It started with something embarrassingly simple.
I write a lot. Notes, ideas, random thoughts, and I'm constantly moving them between my phone and laptop. WhatsApp myself. Google Notes. Email drafts. Drive uploads. Whatever works in the moment.
And I do the same thing at work. Sharing a credential, a file, a code snippet, or honestly, most of the time, just a movie with colleagues. Slack for the professional version of the same thing.
It worked. Still works. No complaints.
But something always felt slightly off about it. And I couldn't put my finger on it for a long time.
Then one day it just clicked. You upload something to XYZ. It travels halfway around the world to a server somewhere. Then it travels back. To the person sitting next to you. On the same WiFi. In the same room.
There it is.
I'm not saying it's broken. It works perfectly fine. Doesn't cost anything. We've been doing it forever and nobody's complained. But now that you've seen it can you unsee it? Does it sound efficient to you? For files that never needed to leave the building?
And here's what makes it genuinely odd when you sit with it, most of the time you're not even trying to save that file, piece of text, or just anything. You're not backing it up or storing it somewhere permanent. You just want to hand it to the person next to you or to your team. A quick share, used once, done. But every tool you're using was built for storage, for permanence.. and you're using it for something that was never meant to be permanent in the first place.
It only seems normal because this is what we've been doing for so long that we stopped questioning it. The cloud came along, everything went to the cloud, and now even the things that happen locally get routed through servers thousands of kilometres away before arriving back at the desk next to you.
Here's what I mean specifically.
You're at work. You need to share something with the team or a person next to you — a credential, a PDF, a build log, a link. You open Slack. Or Drive. Or email. The file leaves your machine, hits a server somewhere in another country, and comes back to a laptop that's literally within arm's reach.
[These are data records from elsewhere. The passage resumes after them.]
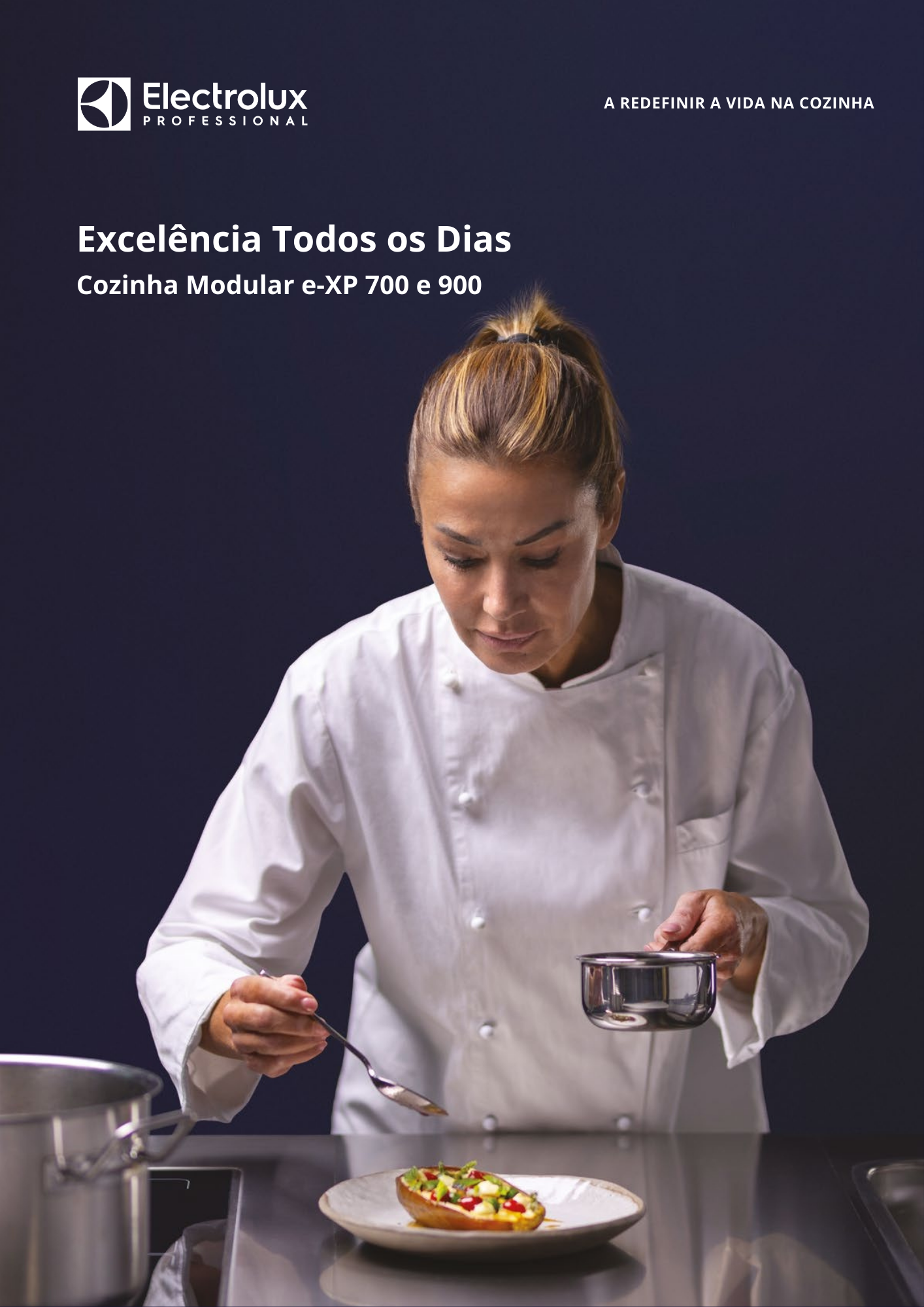 Capa de brochura da Electrolux Professional com o título “Excelência Todos os Dias — Cozinha Modular e-XP 700 e 900”, mostrando uma chef a empratar um prato sobre bancada inox, em fundo escuro.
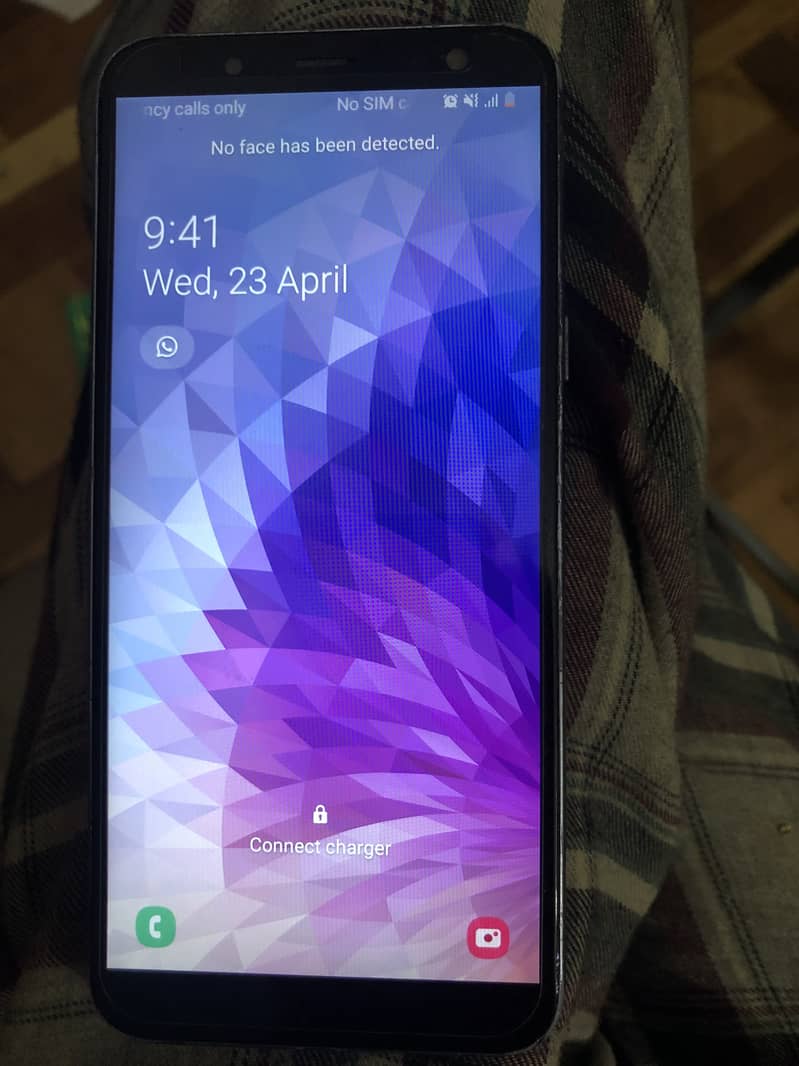 Samsung Mobile J6 2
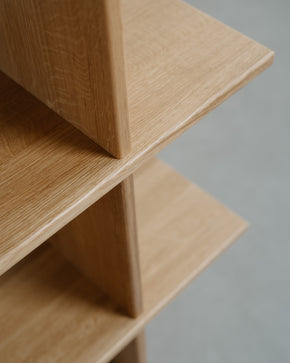 Dubová knihovna Frana no.1 Beige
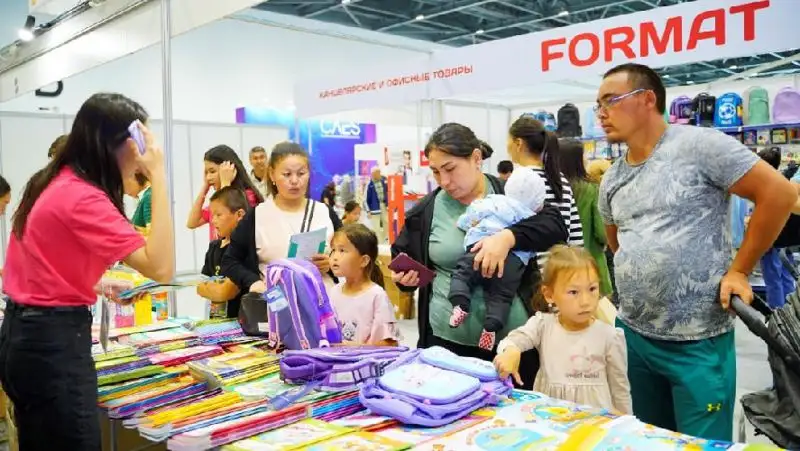 Около 10 тыс. человек посетили открытие ярмарки детских товаров «Kids EXPO. Балалар әлемі» в Нур-Султане, фото - Новости Zakon.kz от 18.08.2022 11:44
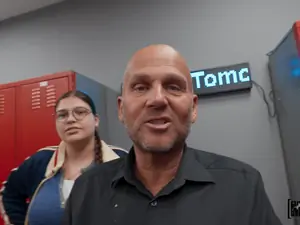 Let's Post It - Hockey Locker Room - 06/01/2025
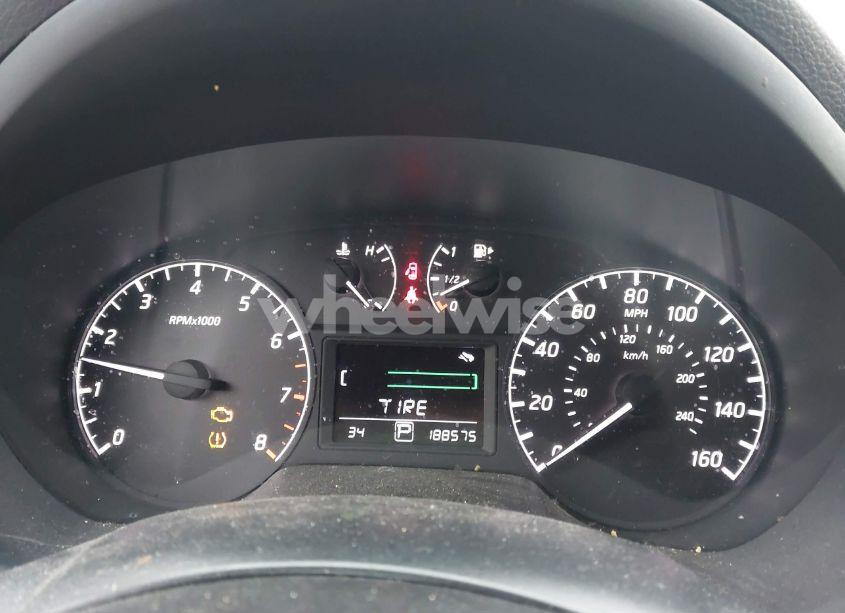 Photo 7 of 2017 Nissan Sentra S (VIN 3N1AB7AP9HY252742)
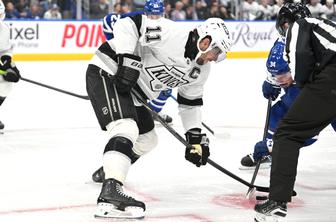 Anže Kopitar in LA Kings zapravili priložnost za skok na vrh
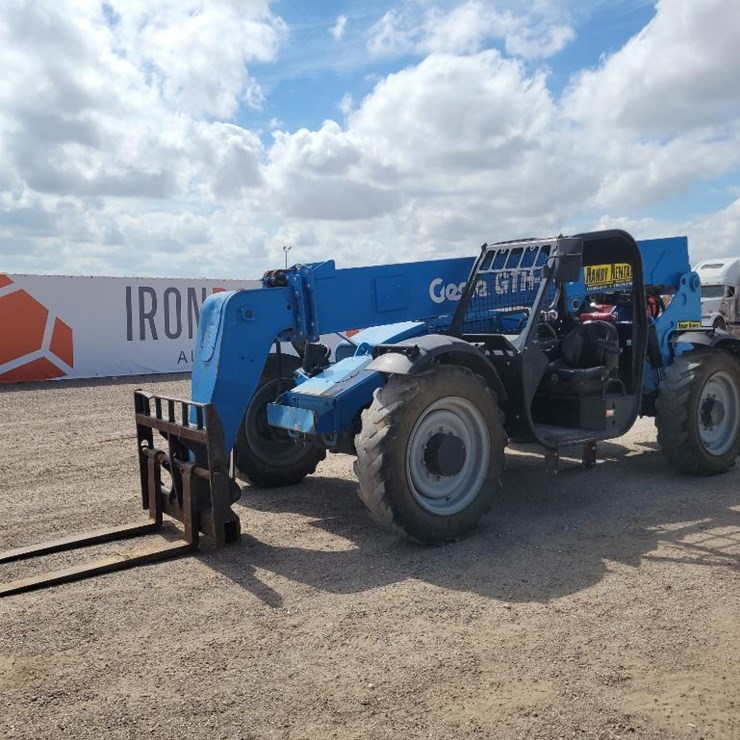 2017 GENIE GTH844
Or you're at home. Phone to laptop, laptop to PC, your machine to your own test server. Same story. The data takes a world tour to travel two metres.
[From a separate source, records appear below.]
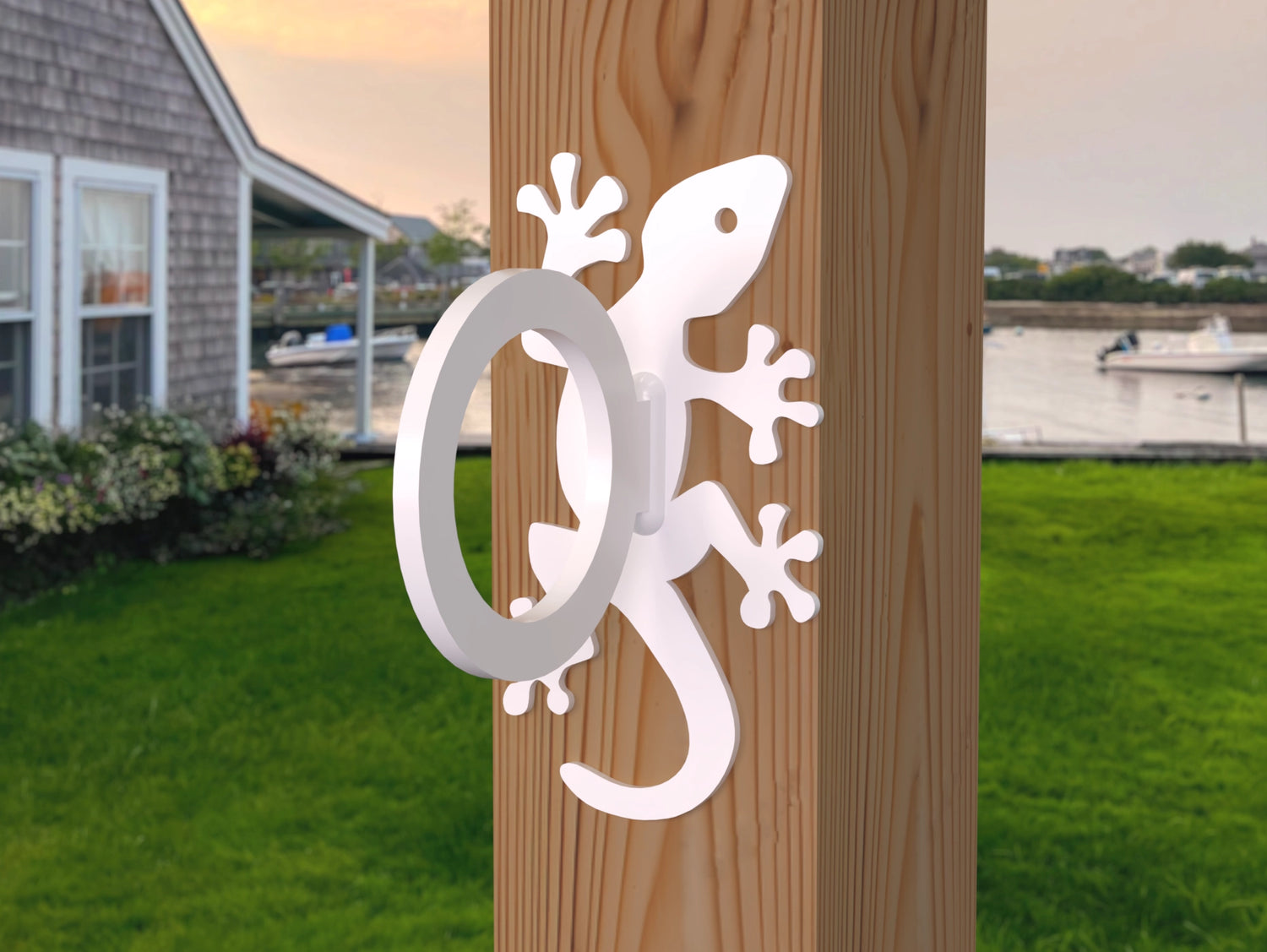 Gecko Nautical Rope Ring, Light Strand Holder (3 sizes available) - Madison Iron and Wood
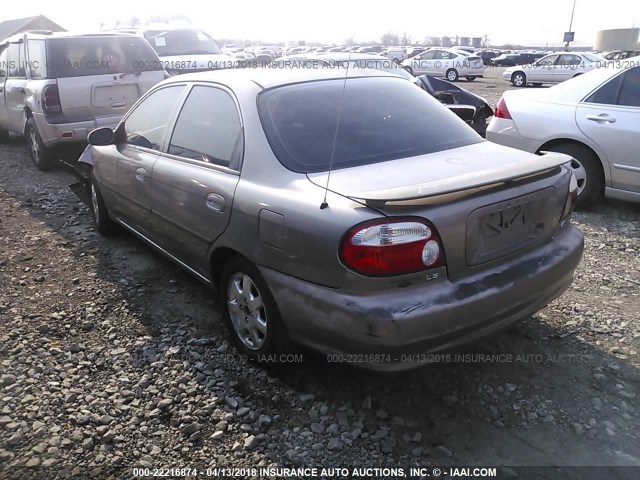 KNAFB121015054898 - 2001 KIA SEPHIA LS GOLD photo 3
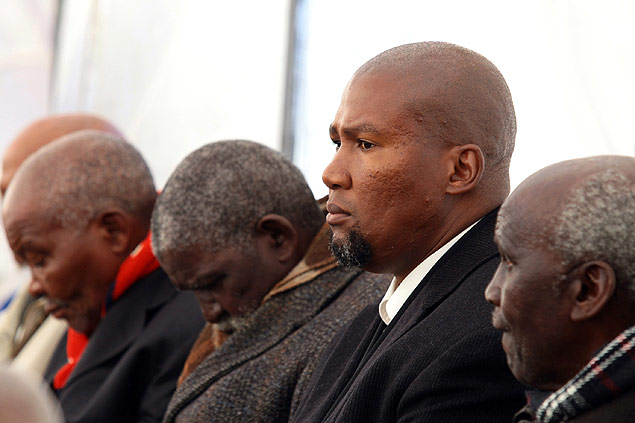 Mandla Mandela (ao centro, de cabea erguida) comparece a funeral de parente em Qunu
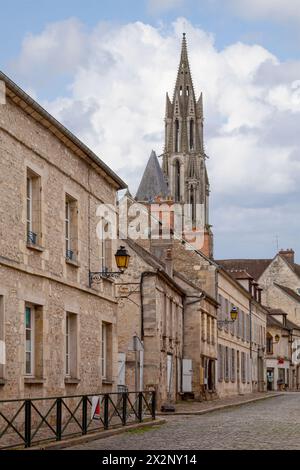 Die cathédrale Notre-Dame de Senlis ist eine römisch-katholische Kathedrale mit gotischer Architektur. Es ist ein Denkmal im Departement Oise in Senlis Stockfoto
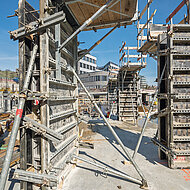 NOE-Schaltechnik: Einhäuptige Schalung für beengte Platzverhältnisse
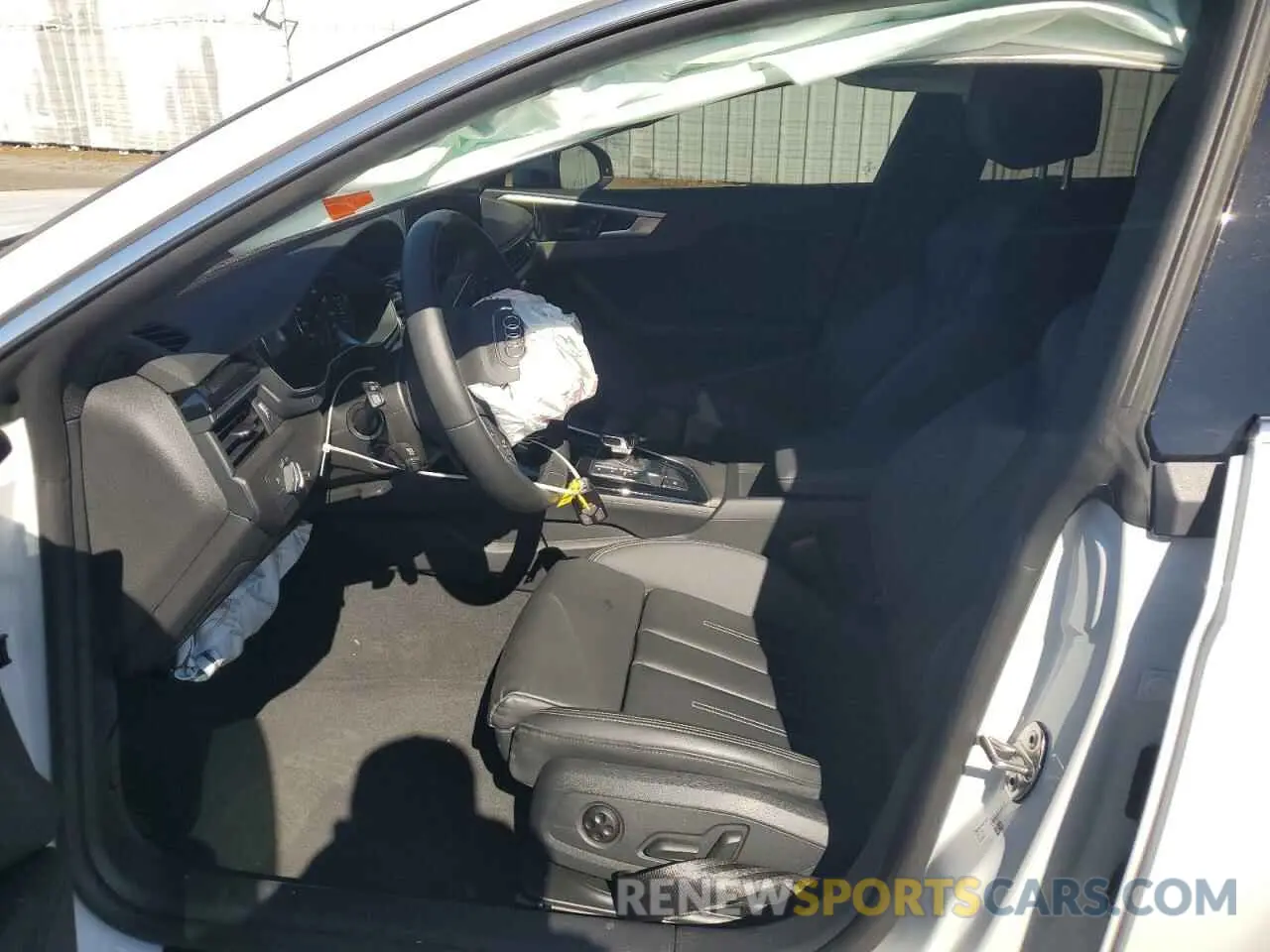 7 fotografías del automóvil dañado WAUDACF51RA014240 AUDI A5 2024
And look.. I get it. You'd say "so what?" Nothing's broken. You're not losing anything obvious.
But when you're on a local network, Whether you're at home on WiFi or at work on the office network, your devices are already connected. Directly. THE PATH ALREADY EXISTS.
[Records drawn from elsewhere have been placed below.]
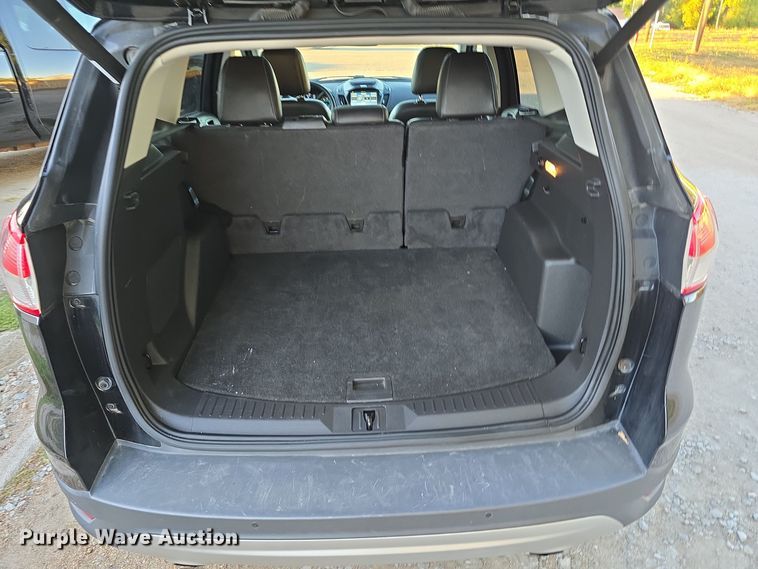 image for item DO5500 2016 Ford Escape Titanium SUV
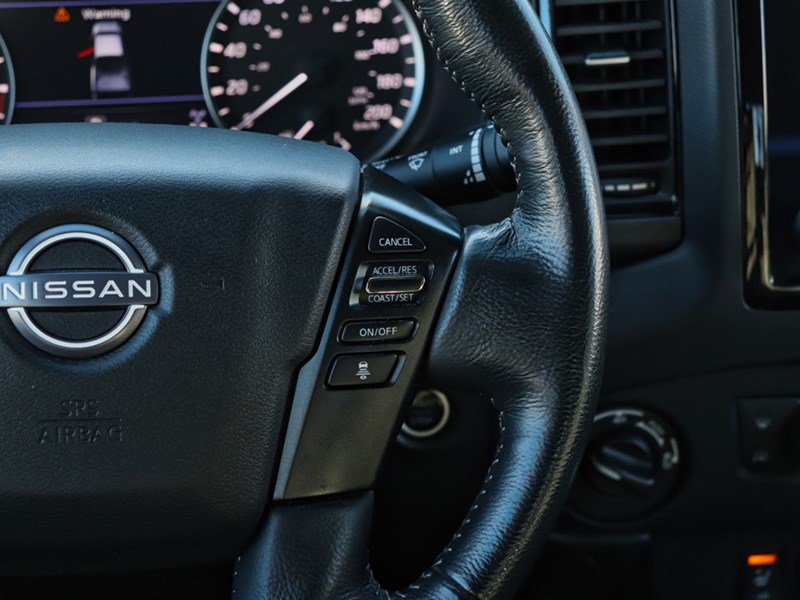 2023 Nissan Frontier SV | 4x4 | 3.8L | Crew Cab | MIDNIGHT EDITION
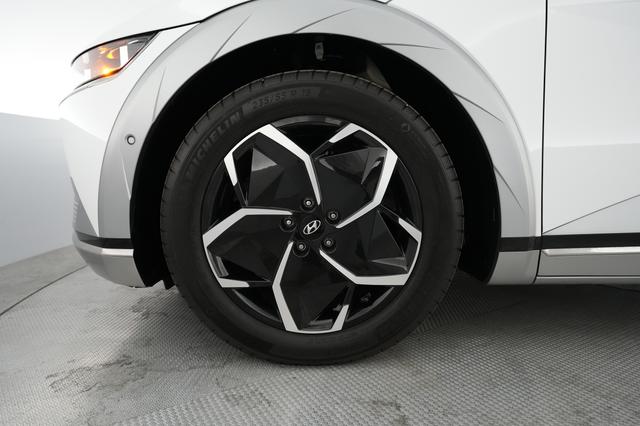 2024 Hyundai IONIQ 5 — photo 7 of 24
It's the shortest path between the devices that could possibly exist.
I havent' seen anything that actually uses this properly. Until now., and most local sharing tools still need something installed on the other side. Instbyte doesn't. Someone opens a URL in a browser they already have. That's it. Instbyte needs nothing on the other side. Someone on your network opens a URL in any browser they already have. That's it. That's the gap none of them fills.
That's what Instbyte is. Not a replacement for Slack or Drive. Not competing with anything. Just a layer, an interface that lets you use the network you're already on, for the sharing you're already doing, just without the round trip.
All I'm saying is there's a better way to do something that you already do, you just didn't know how to use it... And here's the free door to do just that.... Use it if you want to. One command on one machine, that's all it takes .. And everyone on the network opens a URL. Files, text, code, links, dropped once, visible to everyone, gone in 24 hours. No accounts. No cloud. No data leaving the building.
The network was always there. I'm just pointing at the shortcut. You already have it — I'm just giving it a front door. Do you have to use it? Of course not. Can you? Why not. I'm just showing you the direction. Up to you.
And look, I could be wrong about something here. Maybe there's an app I haven't come across that already does this better, Maybe there's an angle I'm missing entirely. If you know of one, or if something in here doesn't sit right with you, or if you've got a thought, a question, a suggestion.. I'm genuinely open. This thing has already been shaped by strangers on the internet more than I expected. Wouldn't mind if that continued.